Data:
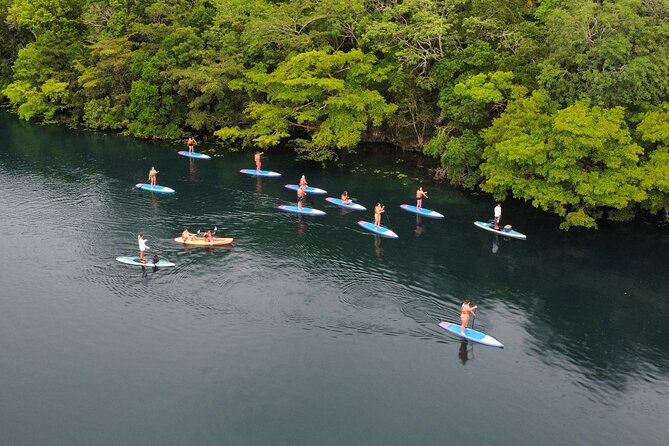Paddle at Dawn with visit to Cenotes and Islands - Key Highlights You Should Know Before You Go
* * *
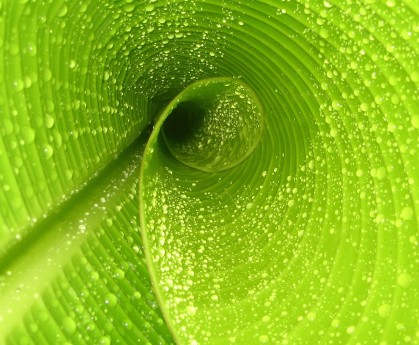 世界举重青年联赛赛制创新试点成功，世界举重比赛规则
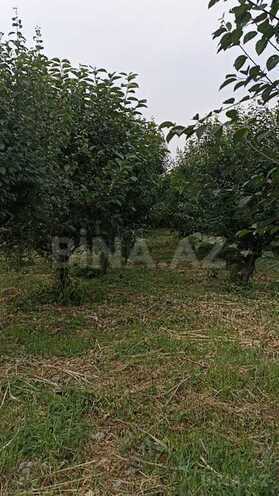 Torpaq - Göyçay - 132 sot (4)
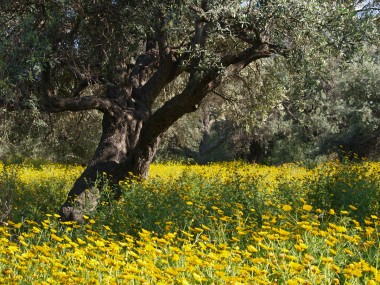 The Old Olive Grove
---
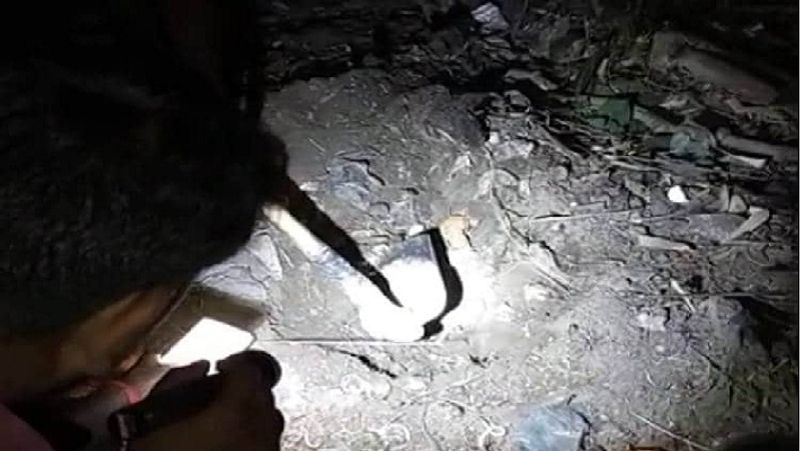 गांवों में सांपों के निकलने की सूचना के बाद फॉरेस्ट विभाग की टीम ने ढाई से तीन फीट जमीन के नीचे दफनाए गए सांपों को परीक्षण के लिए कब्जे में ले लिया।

What is required:
Range to copy from the listing above: the line with "世界举重青年联赛赛制创新试点成功，世界举重比赛规则" through the line with "The Old Olive Grove". Transcribe it exactly and skip the pictures.

Exercise result:
 世界举重青年联赛赛制创新试点成功，世界举重比赛规则
 Torpaq - Göyçay - 132 sot (4)
 The Old Olive Grove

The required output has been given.